One of the biggest questions every would-be selfbuilder has to address is whether to go brick and block or timber frame. For me, it’s something of a hoary old chestnut, having built using both methods and having been writing articles around this issue for many years. You’d think I’d have pretty set views by now but I don’t. Partly this reflects my tendency towards hopeless prevarication in all things, but it’s also undoubtedly because it’s a question with no easy answers.
However, a site visit this week to a timber frame house in Cambridgeshire gave me pause to think afresh about the issue. This was a site in a conservation area and that meant that there were some quite prescriptive design guidelines: basically it had to match up to the house next door, which was a detached vaguely-Georgian style brick house under a slate roof.
However the new house design was L-shaped, a stepped L-shape no less. What I mean by that is that it consisted of a main rectangular-shaped box (or aisle) of two storeys, with a single storey rear extension. See my attempts at 3D house design (hopefully adjacent) to get a clearer picture. A common enough house layout, you’d think. And you’d be right.
The junction of the two parts of the house is what I wish to draw your attention to. It’s referred to as an abutment. However you do it, it causes problems because there are waterproofing details to be made between the wall of the main aisle and the roof of the extension. Lead flashings have to be fitted over the junction and the wall cavity has to have an effective barrier laid across it in order to drain any cavity water out onto the extension roof. If not, you risk the cavity draining directly down into the house below the junction. Messy.
The subject of cavity barriers can wait for another article. What I am driving at here is the disruptive effect this all has on the construction of a brick-clad timber framed house. On a simple rectangular-shaped house, or even a more complex one, as long as it has a single eaves level all the way around, the brick cladding is taken off the critical path and can be completed at leisure after the framers have departed.

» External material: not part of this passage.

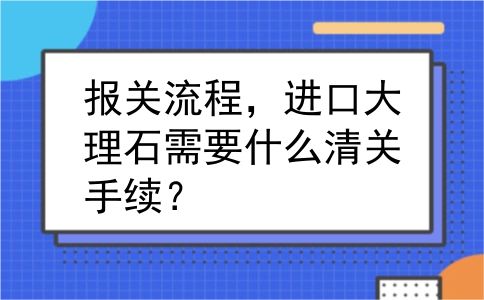 报关流程，进口大理石需要什么清关手续？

Indeed it can go on simultaneously with the roof covering and the fit out inside.
However, split the roof levels like this and the brick wall of the main aisle has to be completed before the extension roof can be covered over. Indeed, on the site I was on, space had to be left for the brickies to have access to the wall, which was being built-up off a steel beam over the opening. Not even the extension roof carpentry could be completed.

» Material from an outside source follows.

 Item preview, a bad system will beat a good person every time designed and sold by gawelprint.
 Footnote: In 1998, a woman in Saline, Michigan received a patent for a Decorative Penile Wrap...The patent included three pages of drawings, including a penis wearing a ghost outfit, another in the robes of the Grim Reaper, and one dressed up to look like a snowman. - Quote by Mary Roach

Result? Weeks had been lost waiting on the brickies. The roofers had been in and finished the main aisle but had to return for another visit to cover the extension. The scaffolding was gently racking up hire charges. The house could not be effectively waterproofed, let alone secured. All the supposed speed of construction advantages, which timber frame sells itself on, had been lost. In fact it would probably have been quicker to use brick and block on this house.
Had it been such, you would not have noticed that there was a problem here because the roof carpentry wouldn’t have started on either roof until the brickies had got to eaves level all around. And had the external skin been anything other than brick (or stone), the wall above the extension roof could have been finished off at leisure off some form of adapted scaffolding. Boarding, render on mesh, hung tiles, all fine: they are hung off the timber frame and wouldn’t disrupt the critical path. But bricks? They have to sit on something, be it a steel or a foundation: they can’t be ‘hung’ off the background timber frame and they can’t be built-up off the roof cover. So bricks have to be in place before the extension roof cover can be laid.
There’s a lesson in here somewhere. To simplify it right down to basics, despite what the salespeople say, bricks really do work best with blocks behind them. And timber frame is really seen at its best when it’s clad in something other than brick or stone.